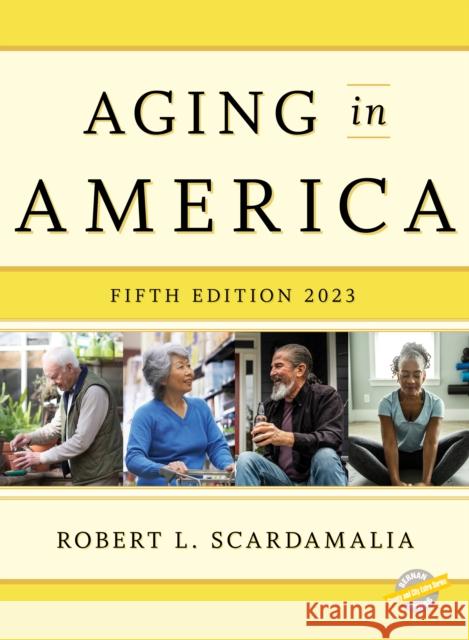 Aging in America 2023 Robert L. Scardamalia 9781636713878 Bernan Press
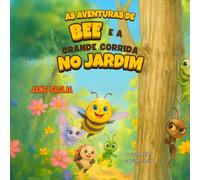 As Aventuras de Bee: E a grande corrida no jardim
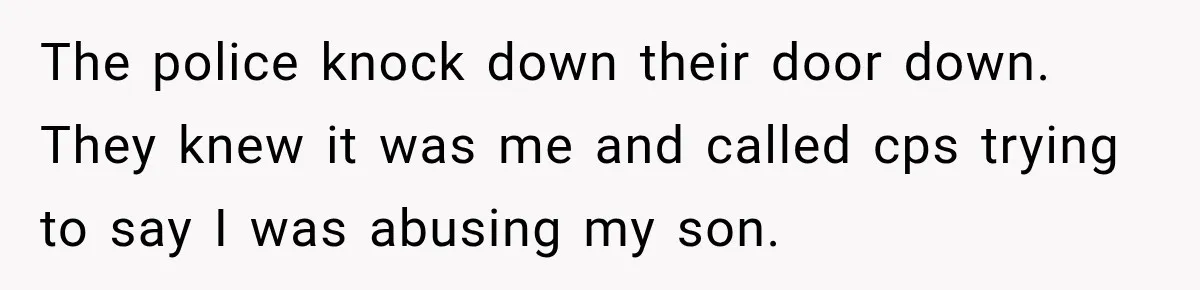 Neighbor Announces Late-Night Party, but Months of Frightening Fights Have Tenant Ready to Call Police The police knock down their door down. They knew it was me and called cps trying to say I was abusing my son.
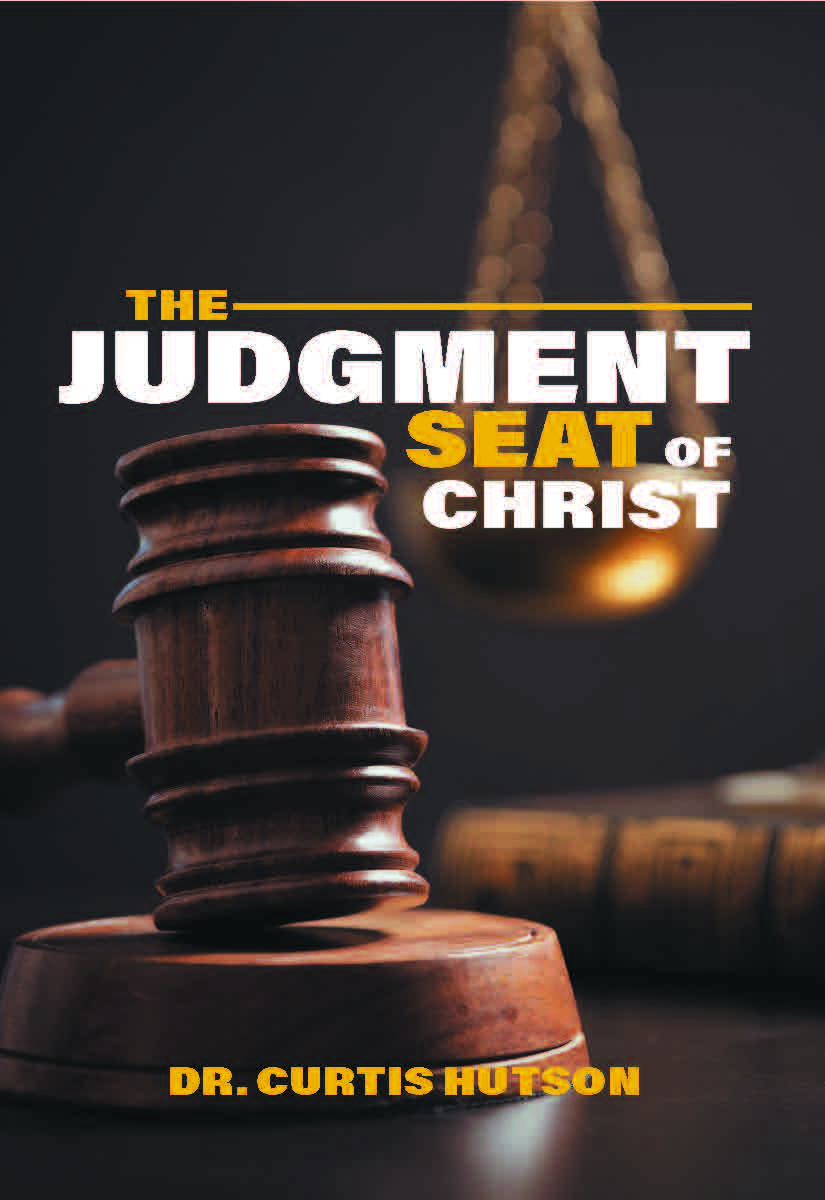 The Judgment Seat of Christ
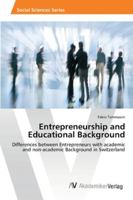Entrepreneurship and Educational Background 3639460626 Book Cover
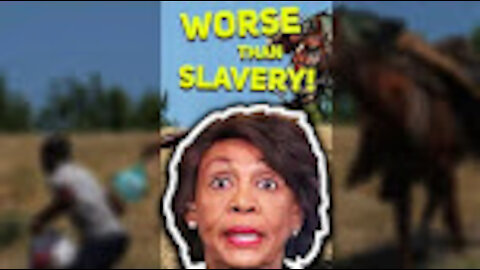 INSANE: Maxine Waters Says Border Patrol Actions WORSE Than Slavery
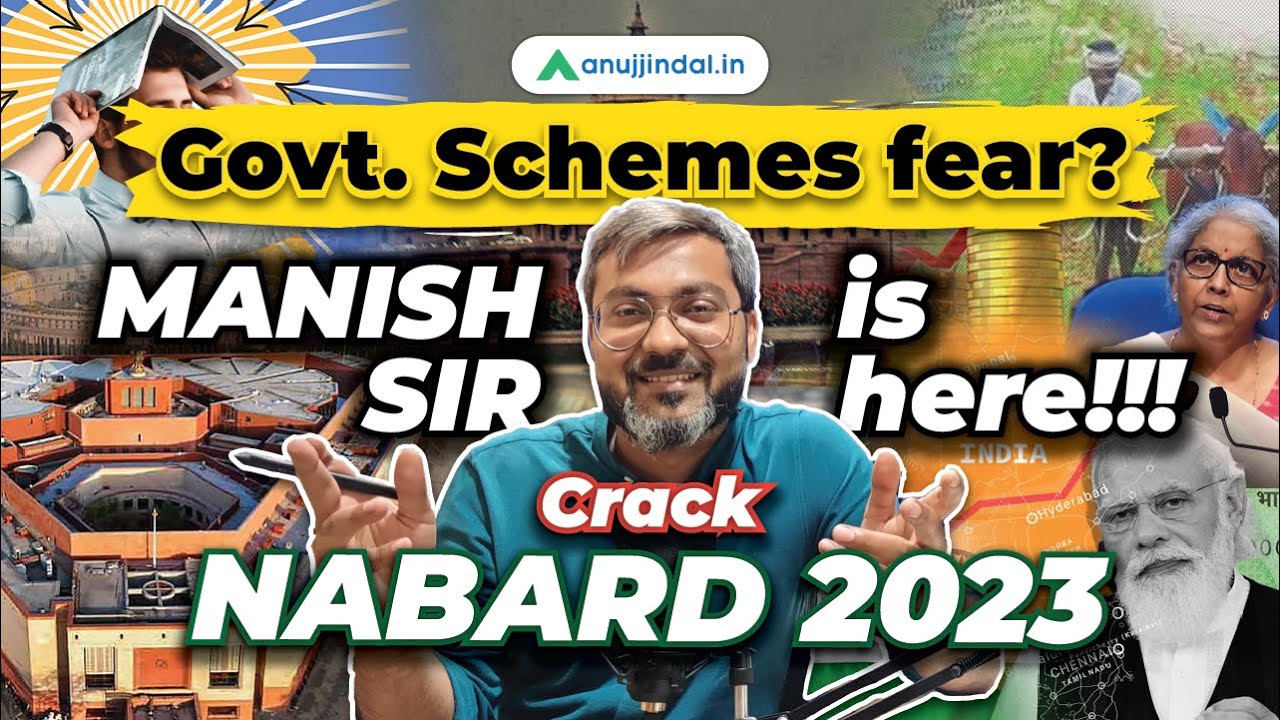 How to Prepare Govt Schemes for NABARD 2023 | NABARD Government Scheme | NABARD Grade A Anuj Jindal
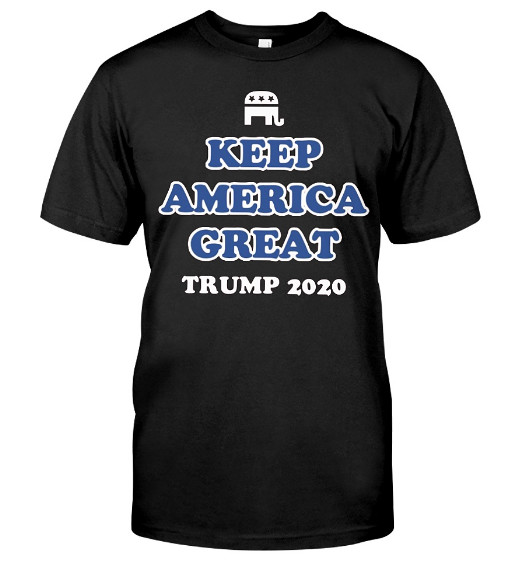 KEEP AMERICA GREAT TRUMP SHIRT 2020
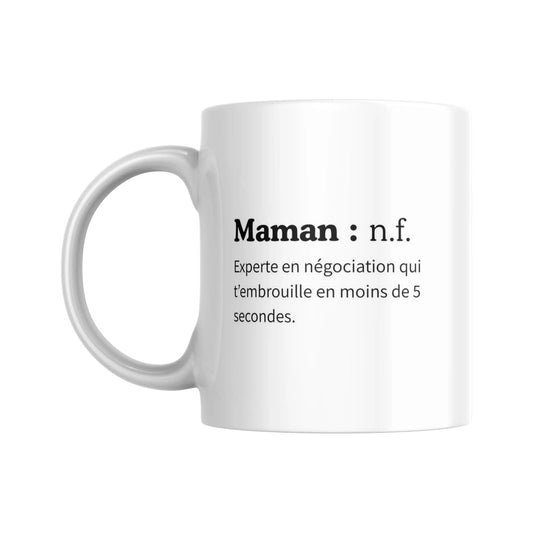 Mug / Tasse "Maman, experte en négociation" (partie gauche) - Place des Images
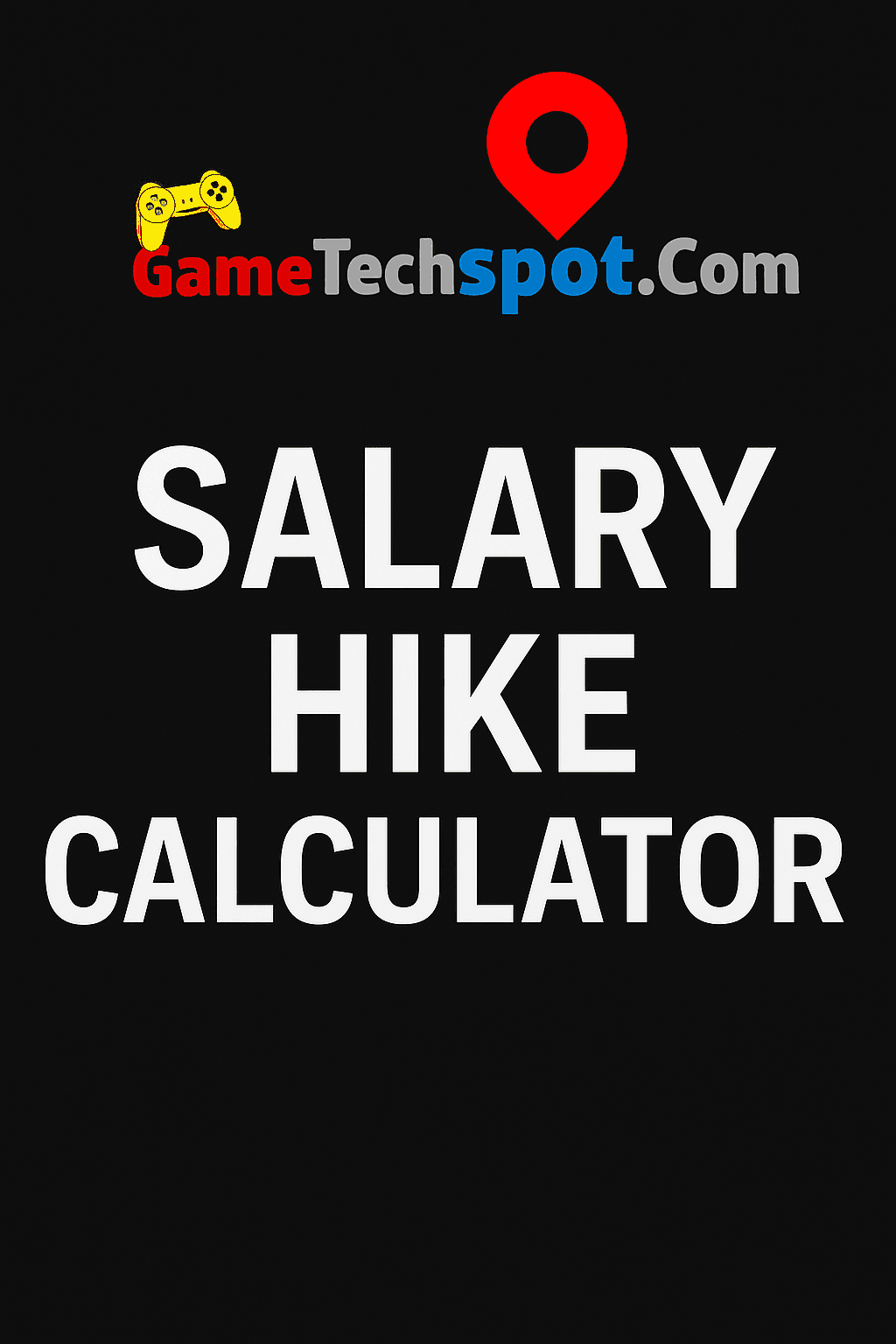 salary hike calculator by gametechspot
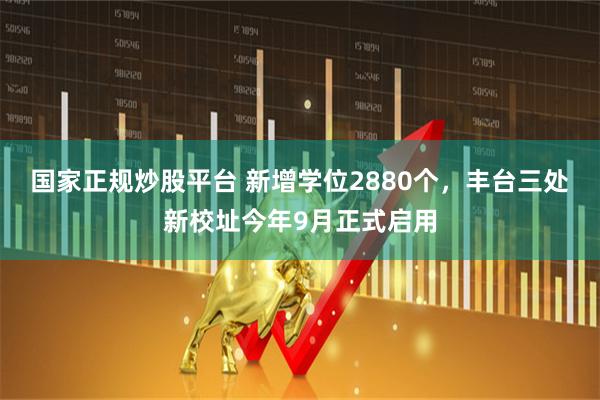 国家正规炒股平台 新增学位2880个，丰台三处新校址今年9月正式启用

-.-.-

→ What you will do
The expected answer is the full listing above, transcribed exactly and without pictures.

→ Output below
 Aging in America 2023 Robert L. Scardamalia 9781636713878 Bernan Press
 As Aventuras de Bee: E a grande corrida no jardim
 Neighbor Announces Late-Night Party, but Months of Frightening Fights Have Tenant Ready to Call Police The police knock down their door down. They knew it was me and called cps trying to say I was abusing my son.
 The Judgment Seat of Christ
Entrepreneurship and Educational Background 3639460626 Book Cover
 INSANE: Maxine Waters Says Border Patrol Actions WORSE Than Slavery
 How to Prepare Govt Schemes for NABARD 2023 | NABARD Government Scheme | NABARD Grade A Anuj Jindal
 KEEP AMERICA GREAT TRUMP SHIRT 2020
 Mug / Tasse "Maman, experte en négociation" (partie gauche) - Place des Images
 salary hike calculator by gametechspot
 国家正规炒股平台 新增学位2880个，丰台三处新校址今年9月正式启用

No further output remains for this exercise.